* TASK *
Your output should be the lines from the one containing "Броеници от Кехлибар" through the end of the listing, exact and inclusive, with no pictures.

* TASK INPUT *

--- START ---

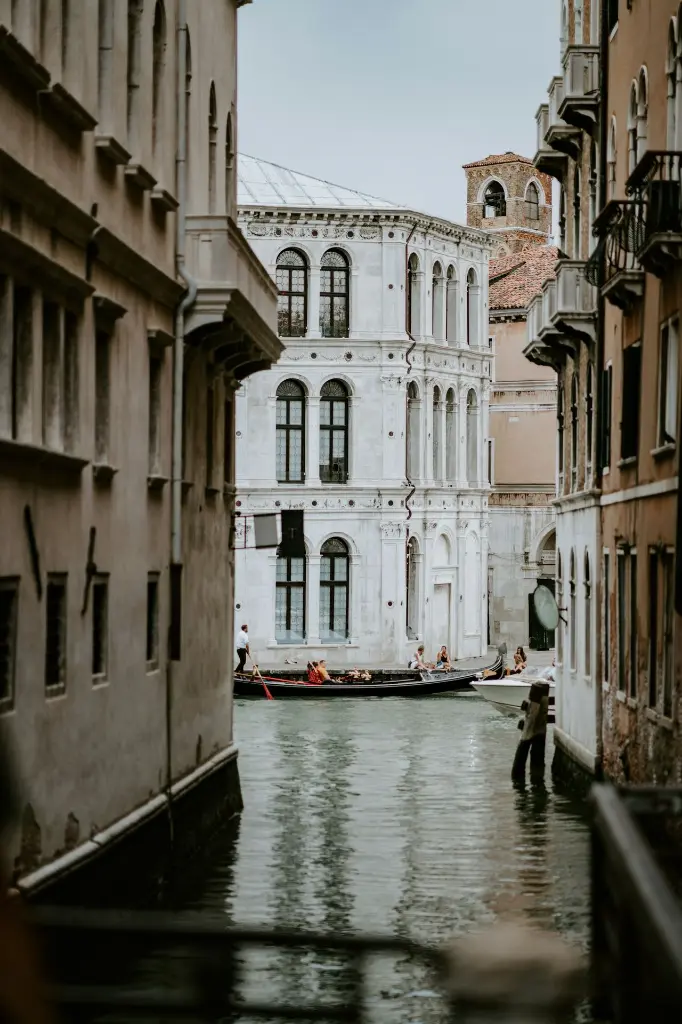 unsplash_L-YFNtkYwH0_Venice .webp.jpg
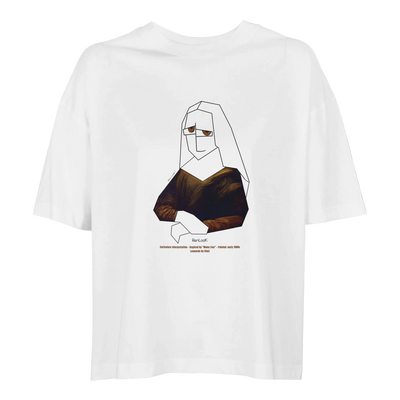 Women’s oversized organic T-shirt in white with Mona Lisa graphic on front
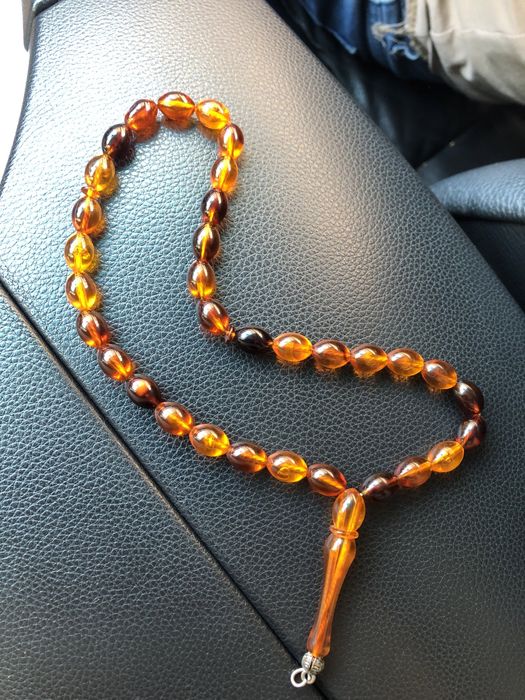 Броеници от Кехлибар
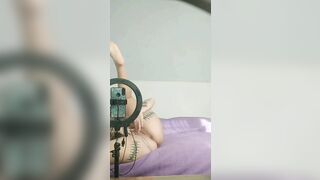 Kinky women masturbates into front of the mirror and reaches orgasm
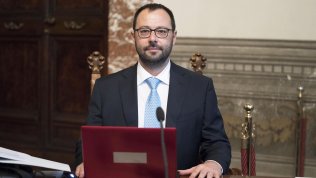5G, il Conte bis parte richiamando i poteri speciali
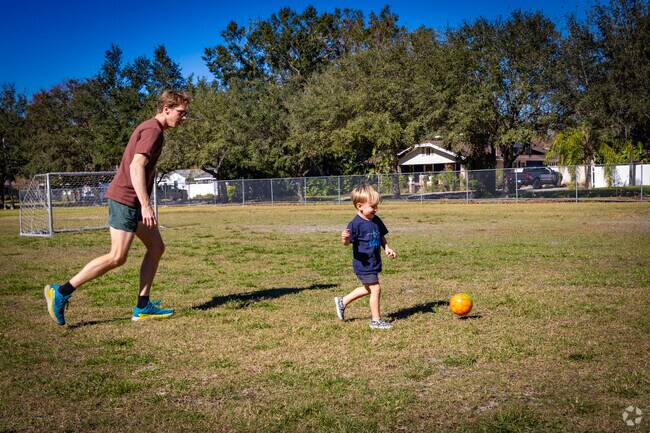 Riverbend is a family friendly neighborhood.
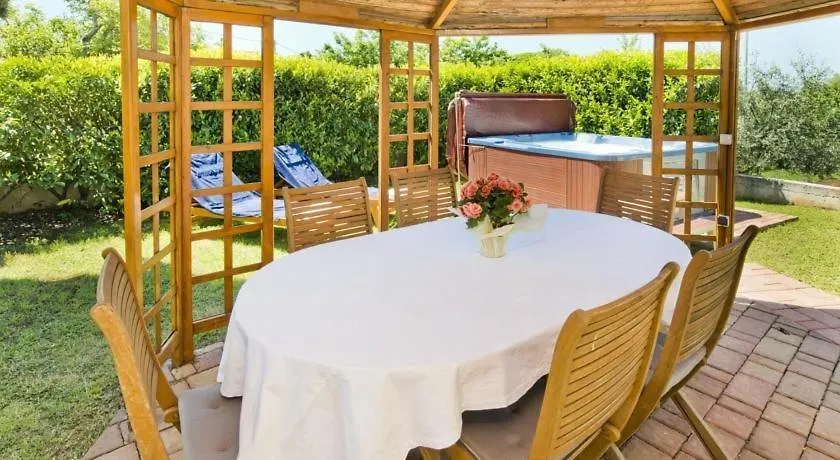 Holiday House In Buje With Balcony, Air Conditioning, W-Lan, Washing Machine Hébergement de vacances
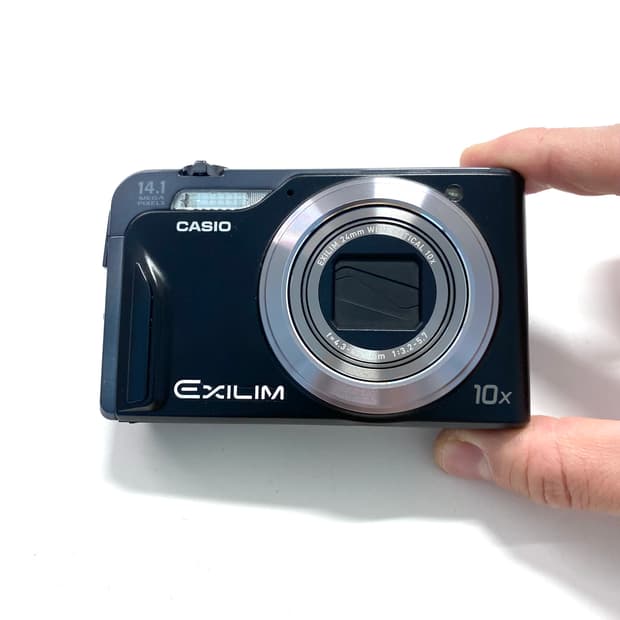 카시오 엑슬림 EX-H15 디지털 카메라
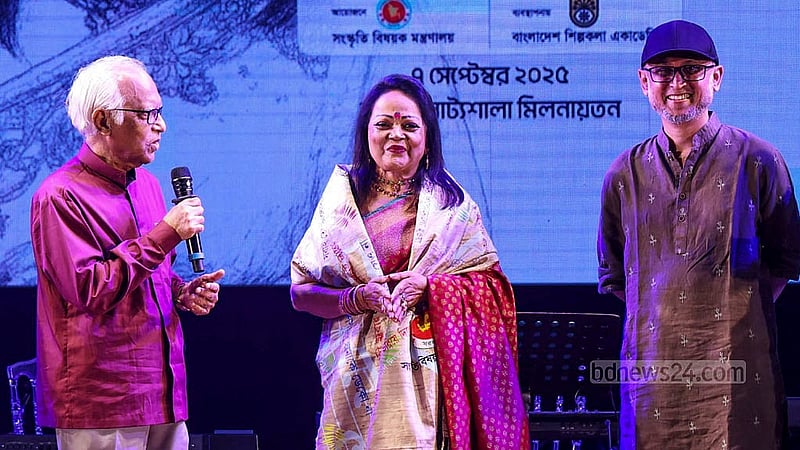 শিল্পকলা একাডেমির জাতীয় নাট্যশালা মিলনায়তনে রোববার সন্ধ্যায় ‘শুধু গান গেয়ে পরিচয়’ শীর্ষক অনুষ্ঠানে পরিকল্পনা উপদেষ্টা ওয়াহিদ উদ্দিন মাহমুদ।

--- END ---

* EXPECTED OUTPUT *
 Броеници от Кехлибар
 Kinky women masturbates into front of the mirror and reaches orgasm
5G, il Conte bis parte richiamando i poteri speciali
 Riverbend is a family friendly neighborhood.
 Holiday House In Buje With Balcony, Air Conditioning, W-Lan, Washing Machine Hébergement de vacances
 카시오 엑슬림 EX-H15 디지털 카메라
 শিল্পকলা একাডেমির জাতীয় নাট্যশালা মিলনায়তনে রোববার সন্ধ্যায় ‘শুধু গান গেয়ে পরিচয়’ শীর্ষক অনুষ্ঠানে পরিকল্পনা উপদেষ্টা ওয়াহিদ উদ্দিন মাহমুদ।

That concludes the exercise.